- _What to produce_
Restate the listing below word for word, omitting any images.

- _Material provided_
◇ ◇ ◇

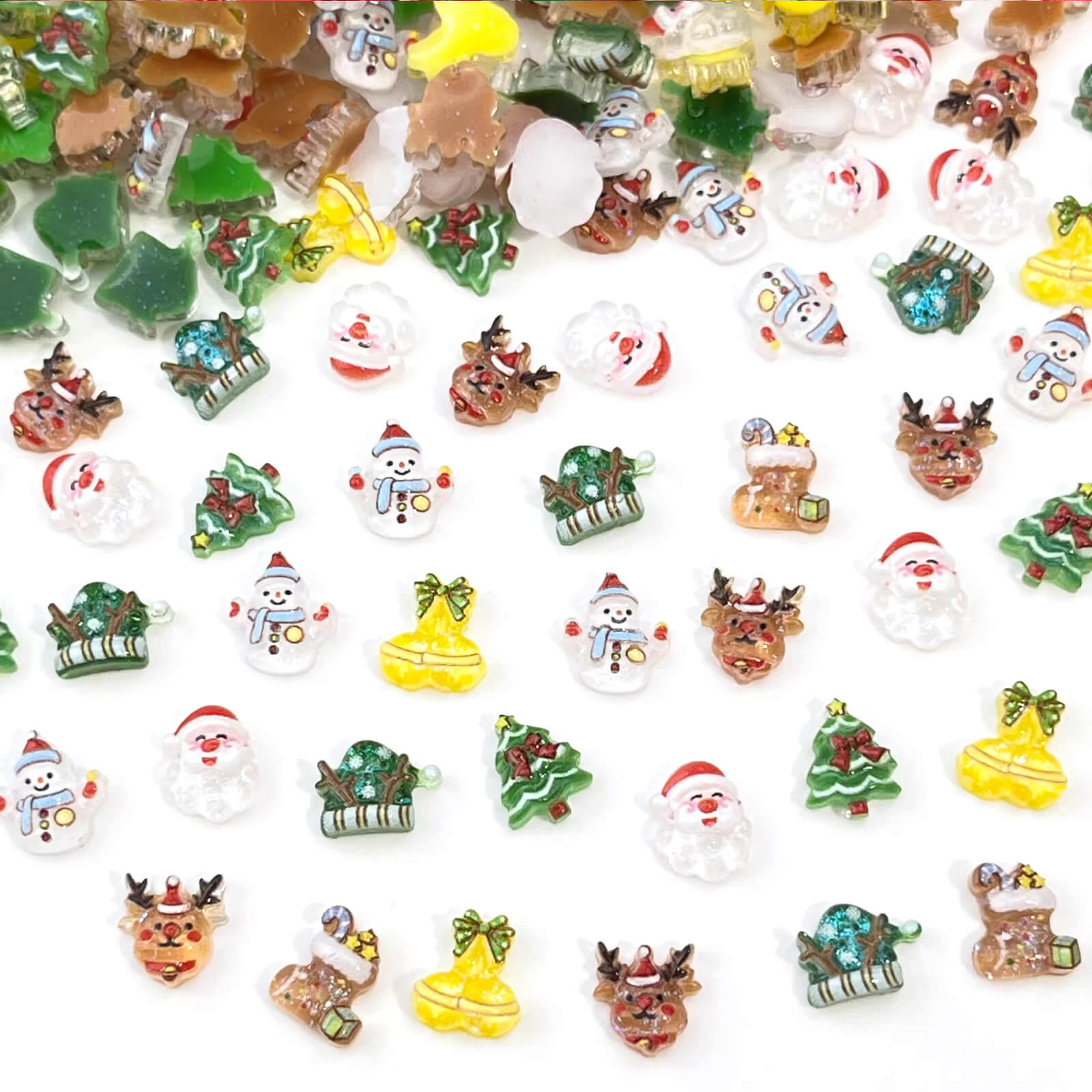xmas-mini-charms-01-show
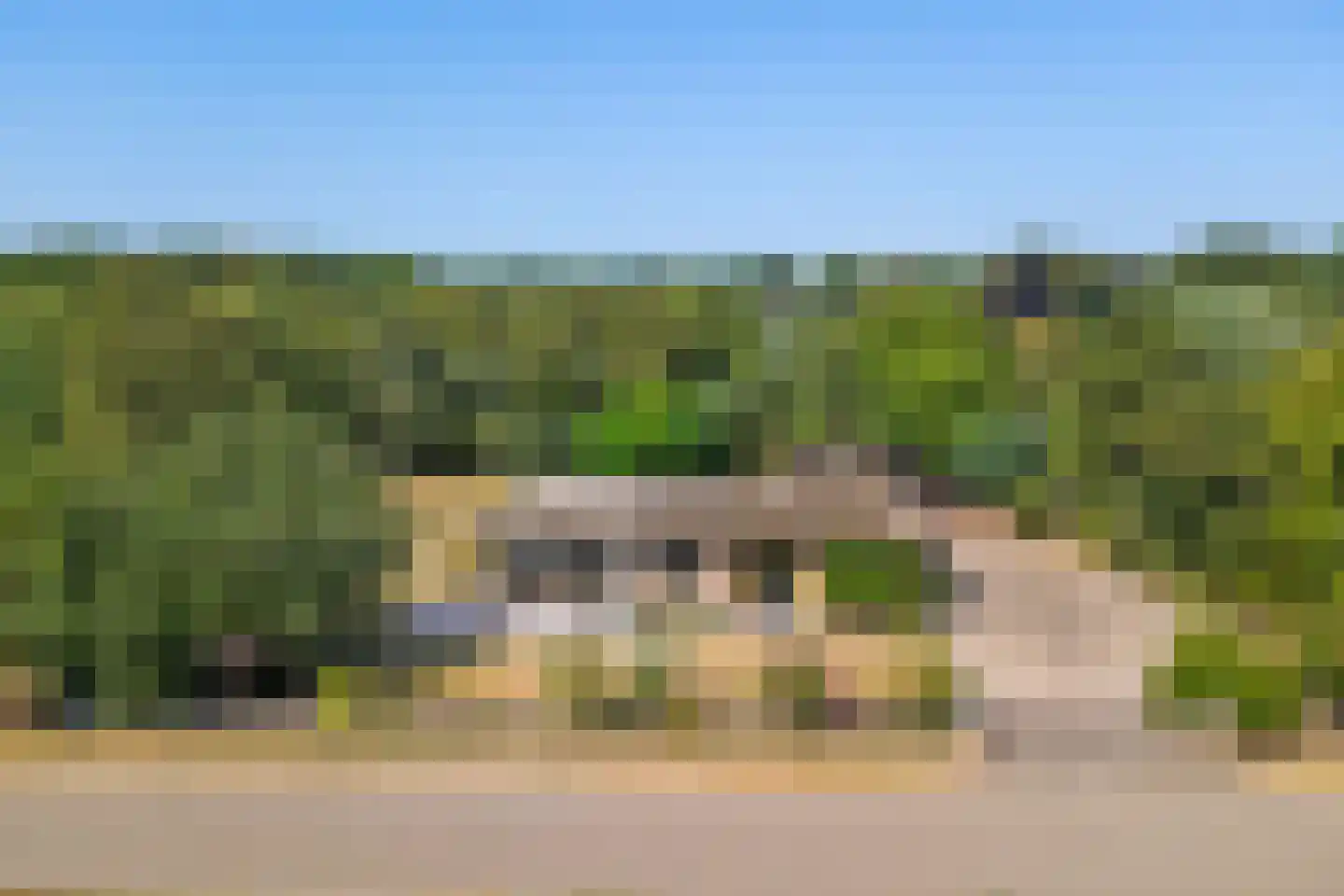 Langeweg 14 Rockanje thumbnail 39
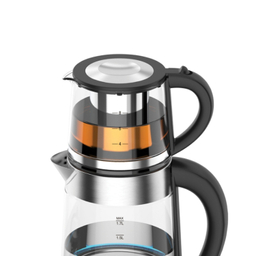 چای ساز تکنو مدل te-933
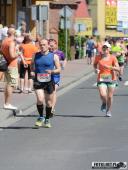 2017.06.11 – XI PÓŁMARATON „SŁOWAKA”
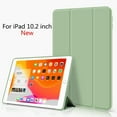 thumbnail image 5 of New IPAD protective case 10.9 inch silicone anti-fall protective case IPAD MINI soft case, 5 of 13
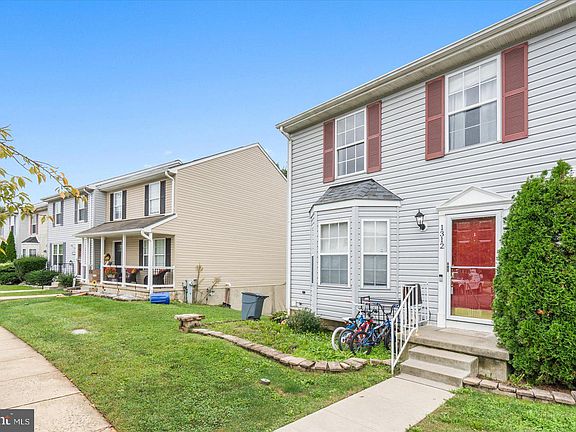 2nd image of 1312 Agora Pl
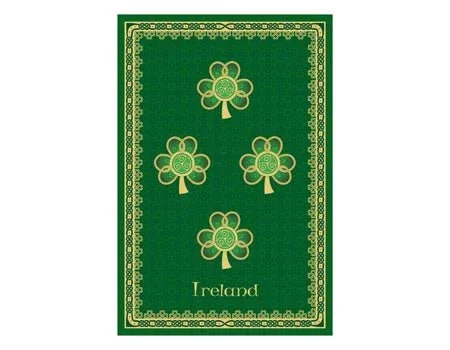 thecelticgiftstore1933830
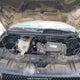 1GCGG25C891106602 2009 Chevrolet Express 2500 Work Van auction photo thumbnail 10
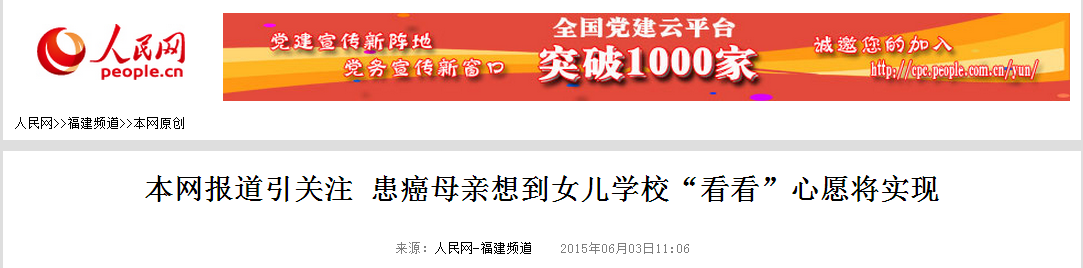 pg娱乐电子游戏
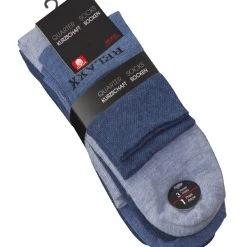 Cotton Prime® Kurzsocken (6-Paar) Mit Kurzem Schaft 8 Cotton Prime® Kurzsocken (6-Paar) Mit Kurzem Schaft -Zimmerli Geschäft 9754c193 5796 5984 bc1e 30e7fb7950bc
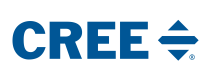 CREE LED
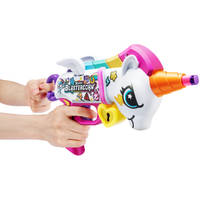 XSHOT Blastercorn blaster productafbeelding 3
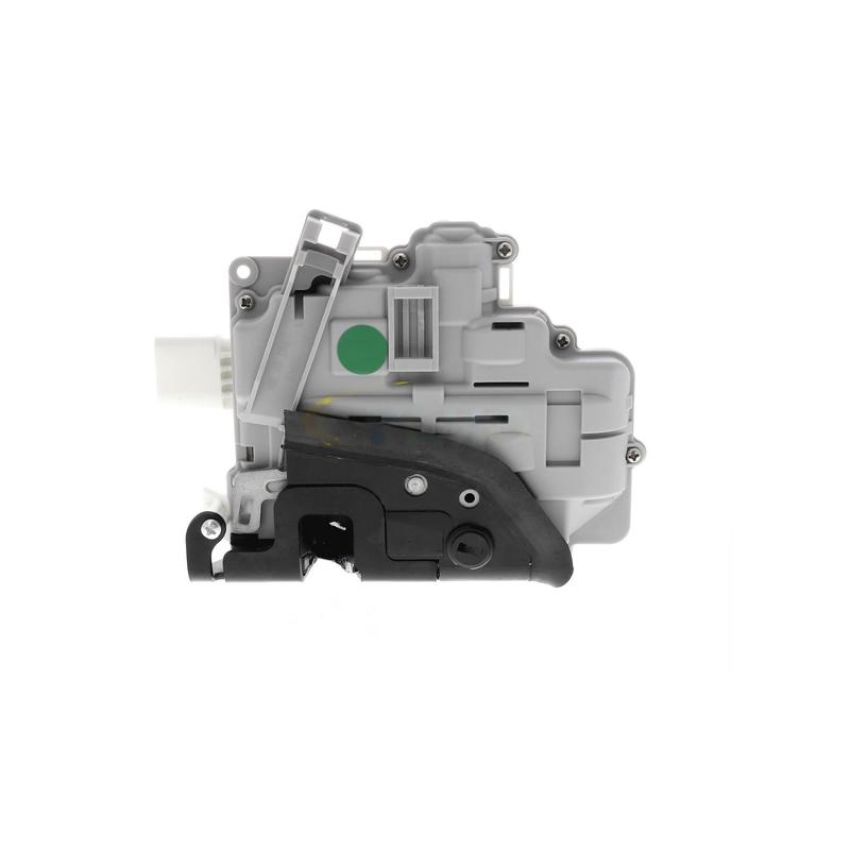 VEMO V10-85-2332 Door Lock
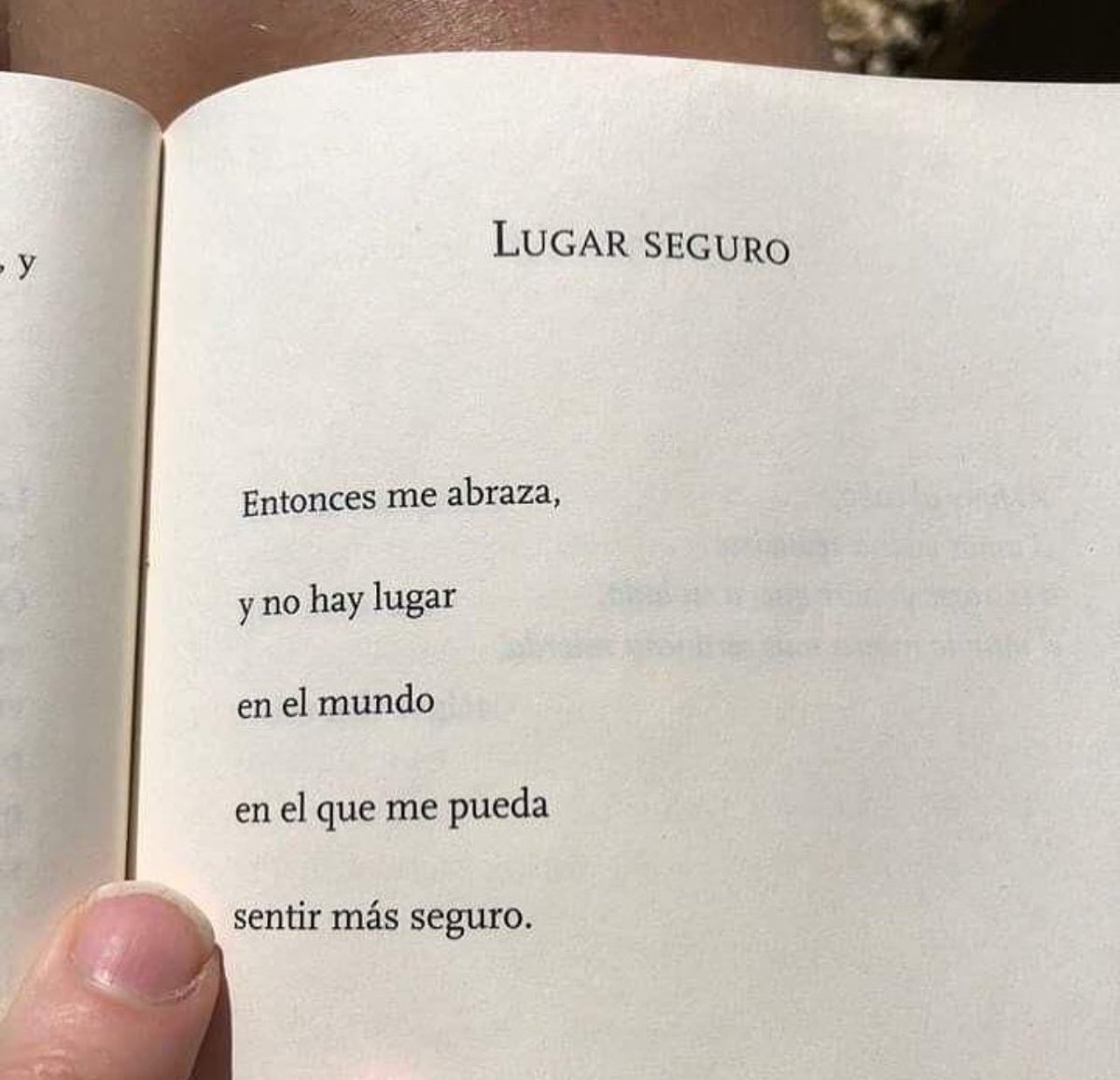 🌙 mini textos (@soyminitextos) on Twitter photo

◇ ◇ ◇

- _Answer section_
xmas-mini-charms-01-show
 Langeweg 14 Rockanje thumbnail 39
 چای ساز تکنو مدل te-933
 2017.06.11 – XI PÓŁMARATON „SŁOWAKA”
 thumbnail image 5 of New IPAD protective case 10.9 inch silicone anti-fall protective case IPAD MINI soft case, 5 of 13
 2nd image of 1312 Agora Pl
 thecelticgiftstore1933830
 1GCGG25C891106602 2009 Chevrolet Express 2500 Work Van auction photo thumbnail 10
 pg娱乐电子游戏
 Cotton Prime® Kurzsocken (6-Paar) Mit Kurzem Schaft 8 Cotton Prime® Kurzsocken (6-Paar) Mit Kurzem Schaft -Zimmerli Geschäft 9754c193 5796 5984 bc1e 30e7fb7950bc
 CREE LED
 XSHOT Blastercorn blaster productafbeelding 3
 VEMO V10-85-2332 Door Lock
 🌙 mini textos (@soyminitextos) on Twitter photo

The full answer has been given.